- [REQUIREMENT]
Could you print, exactly and without pictures, only the lines from the one with "Imily Bela Womens" through the end of the records below?

════

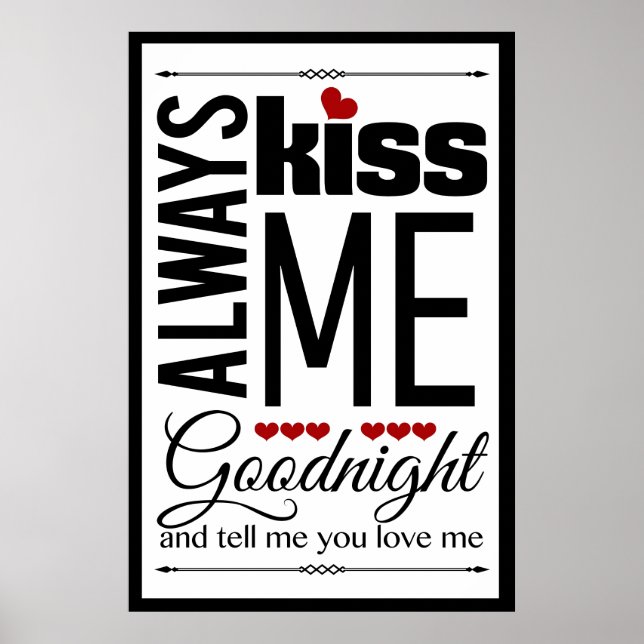 Always Kiss Me Goodnight Bedroom Wall Art (Front)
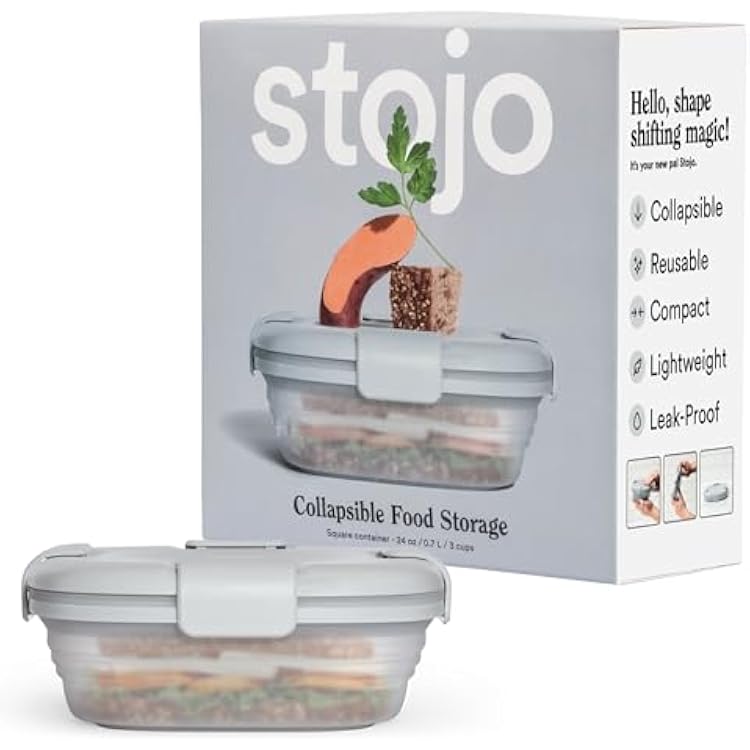 STOJO Collapsible Sandwich Box 24oz, Reusable Food Storage Container, Silicone Bowl for HotCold Food Meal Prep, Lunch, Camping, Hiking Dishwasher Safe Set of 1, Cashmere Gray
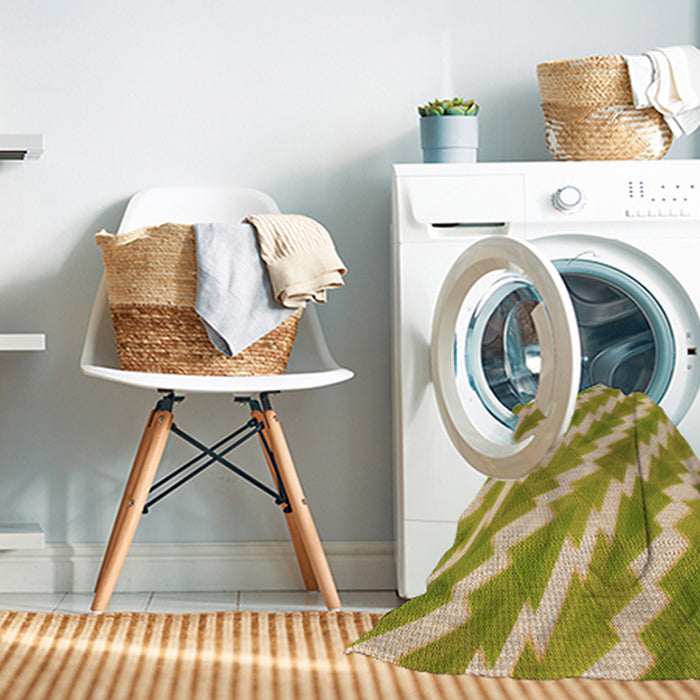 Machine Washable Transitional Dark Golden Brown Rug in a Washing Machine, wshpat1447org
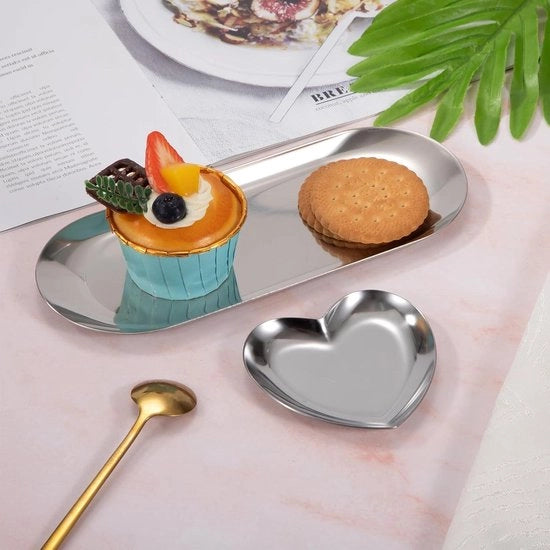 Piatto di Stoccaggio in Acciaio Inossidabile - Decorativo e Funzionale - Set da 2 Pezzi Argento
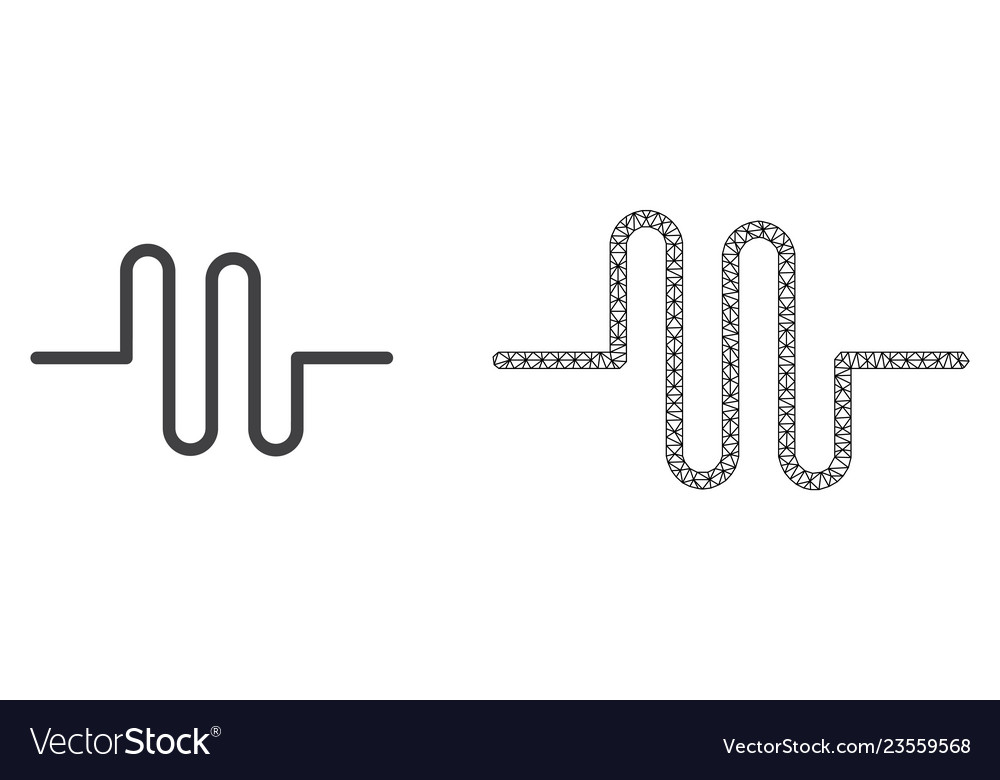 Wire frame mesh pipeline and flat icon vector image Wire frame mesh pipeline and flat icon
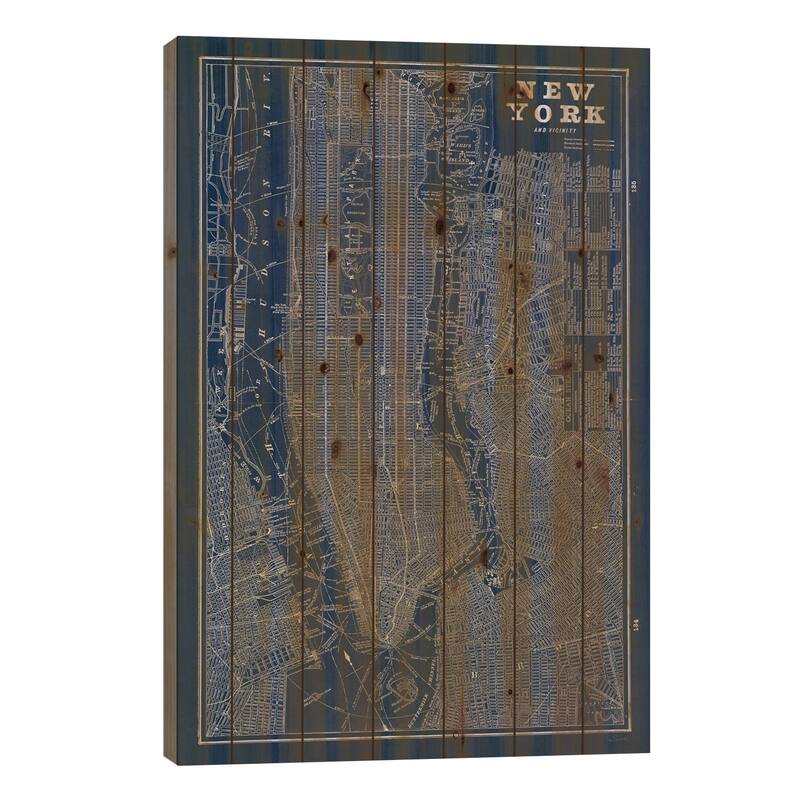 Blueprint Map New York Print On Wood by Sue Schlabach - Multi-Color - 26x18x1.5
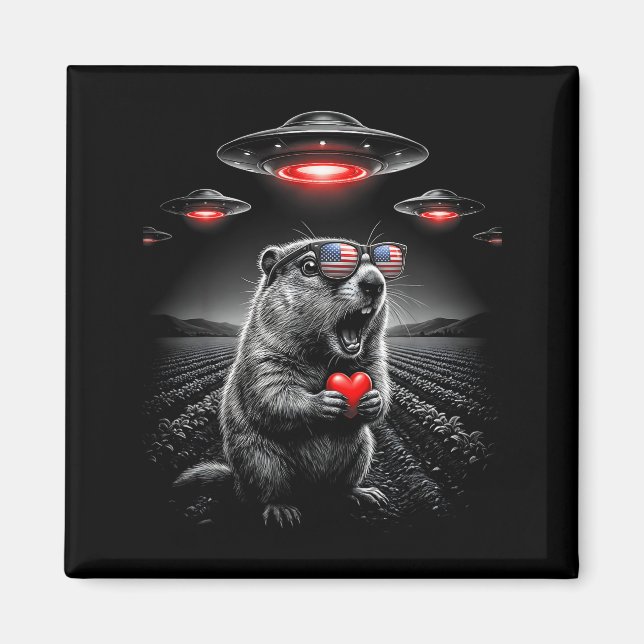 Imán San Valentín divertido selfie de marmota alienígen (Frente)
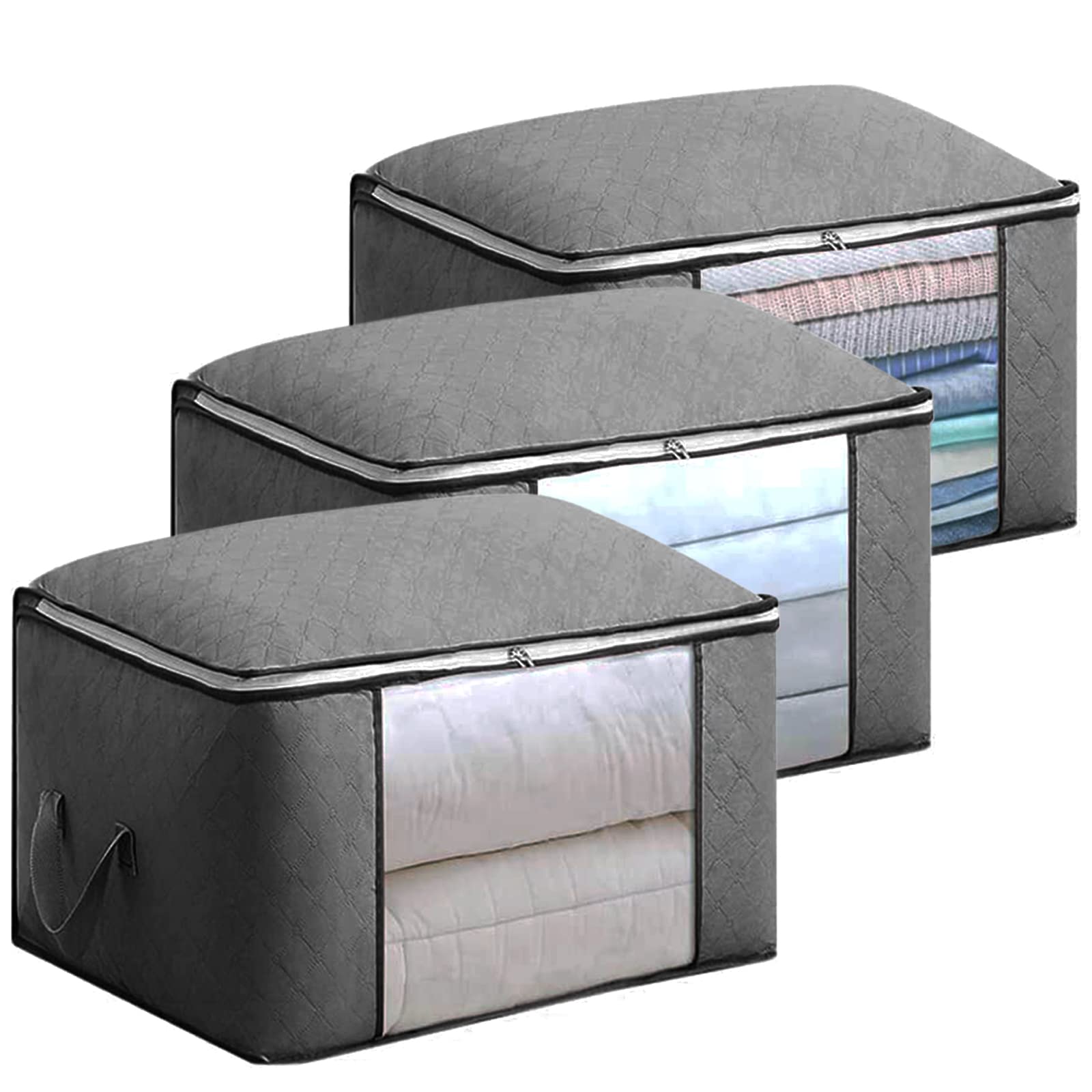 Large Storage Bags, 3 Pack Clothes Storage Bag Foldable Organizers with Reinforced Handle Thick Fabric for Comforters, Blankets, Bedding, Storage with Sturdy Zipper, Clear Window, 90 L (GRAY)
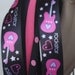 Rockstar Pink and Black Streamer Bow with Guitar Ribbon
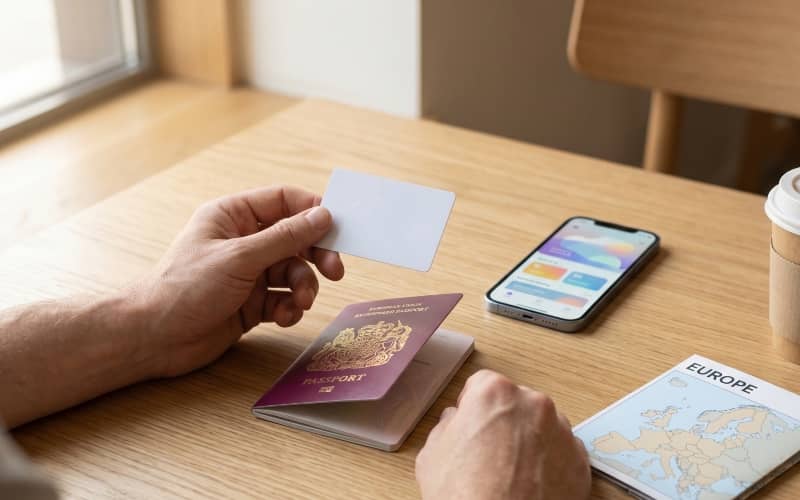 Manos sosteniendo una tarjeta blanca correspondiente a la tarjeta europea de discapacidad, sobre una mesa de madera junto a un pasaporte de la Unión Europea, un teléfono móvil y un mapa de Europa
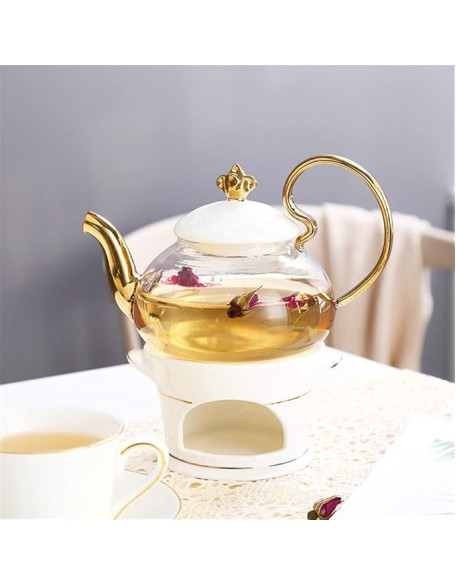 Tea Set Simple Luxurious European Style Gold Trim Ceramic Tea Cup Set Including 6 Pcs Tea Cup and Saucer Ceramic Tea Sets,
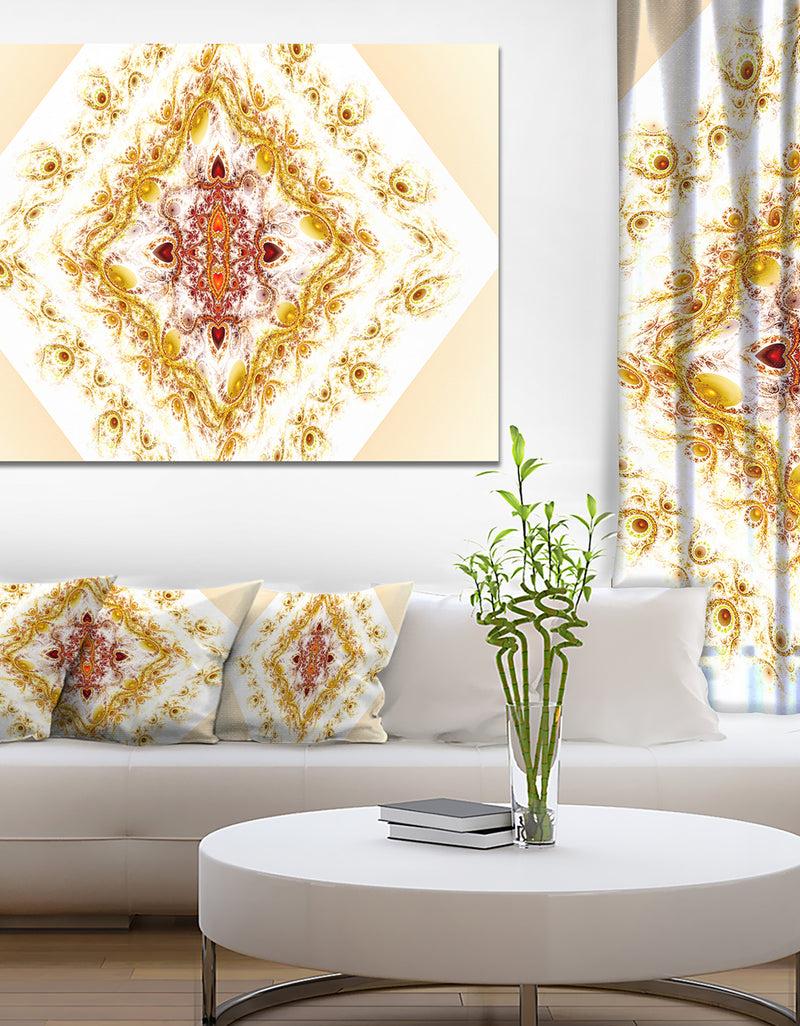 DesignQ Yellow Rhombus Fractal Design - Abstract Wall Art Canvas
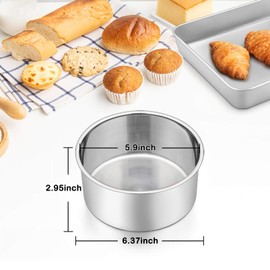 Juego de 2 moldes redondos de acero inoxidable de 15,2 cm de profundidad para tartas, para cumpleaños, boda, Navidad, no tóxico y saludable, moldeo de una sola pieza y lado profundo, apto para horno y lavavajillas
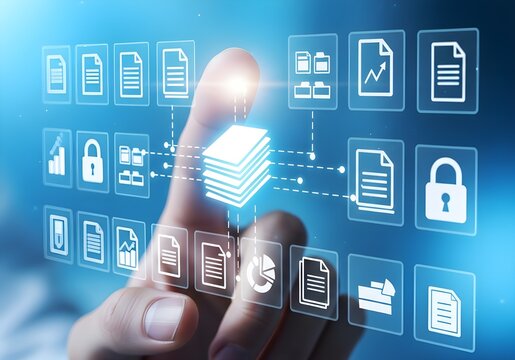 Finger touching a futuristic interface with digital document icons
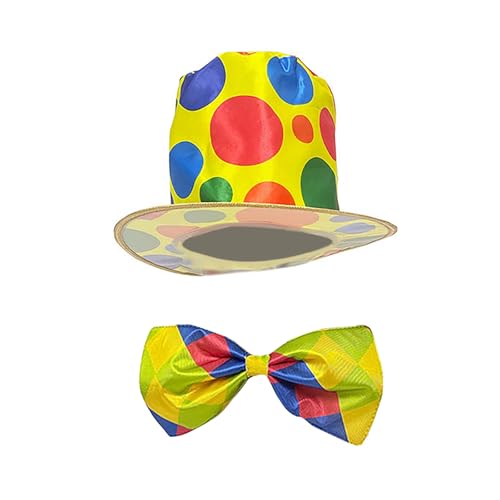 Ldbuejiaja Halloween-Clown-Kostüm-Zubehör, Clown-Hut, Clown-Fliege für Damen, Herren, Halloween, Weihnachten, Karneval, Cosplay, Partys von Ldbuejiaja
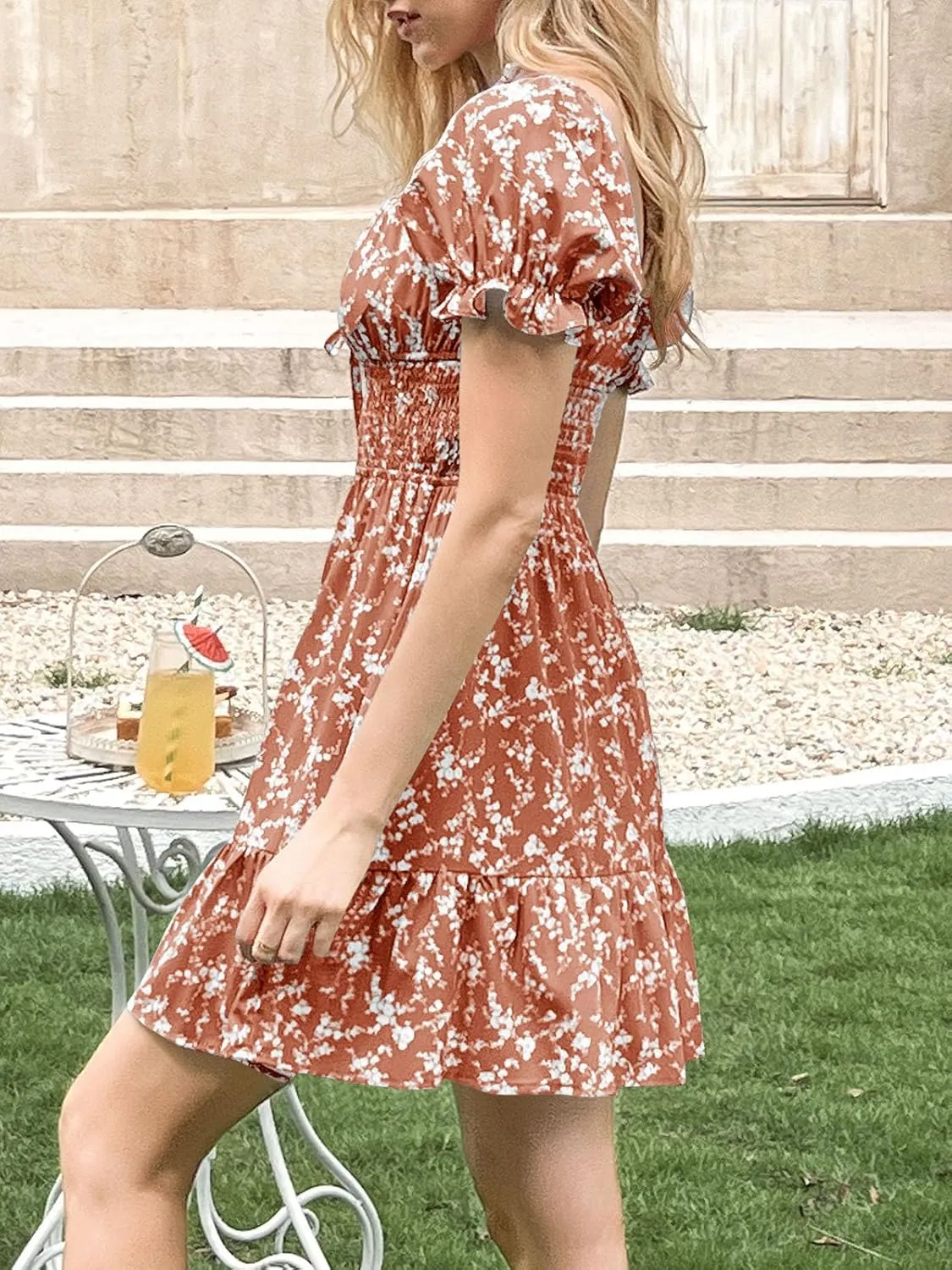Imily Bela Womens Summer Dress Ruffle Sleeve Sqaure Neck Smocked Sun Dress Casual Boho Beach Floral Mini Dress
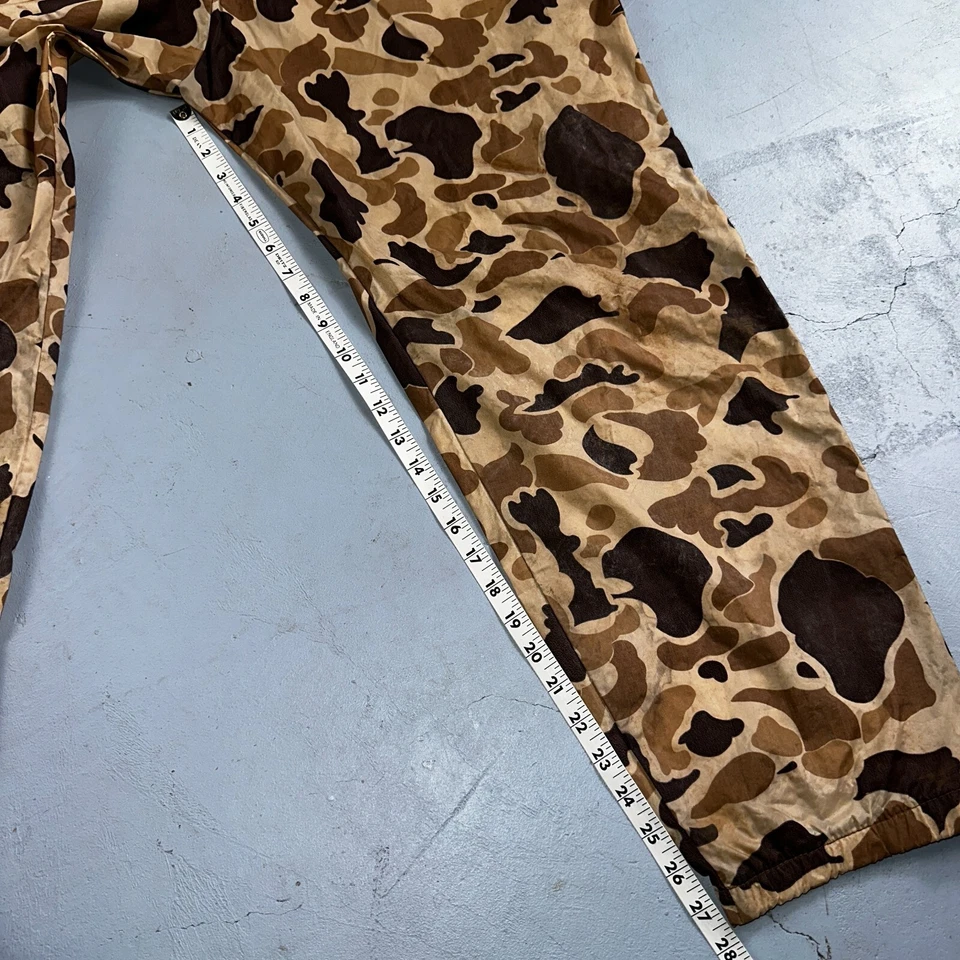 Columbia 1970s VTG Mens Size Large Duck Camo Nylon Rain Pants 70s Rare Black - Image 3 of 4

════

- [RESPONSE TO THE EXERCISE]
Imily Bela Womens Summer Dress Ruffle Sleeve Sqaure Neck Smocked Sun Dress Casual Boho Beach Floral Mini Dress
 Columbia 1970s VTG Mens Size Large Duck Camo Nylon Rain Pants 70s Rare Black - Image 3 of 4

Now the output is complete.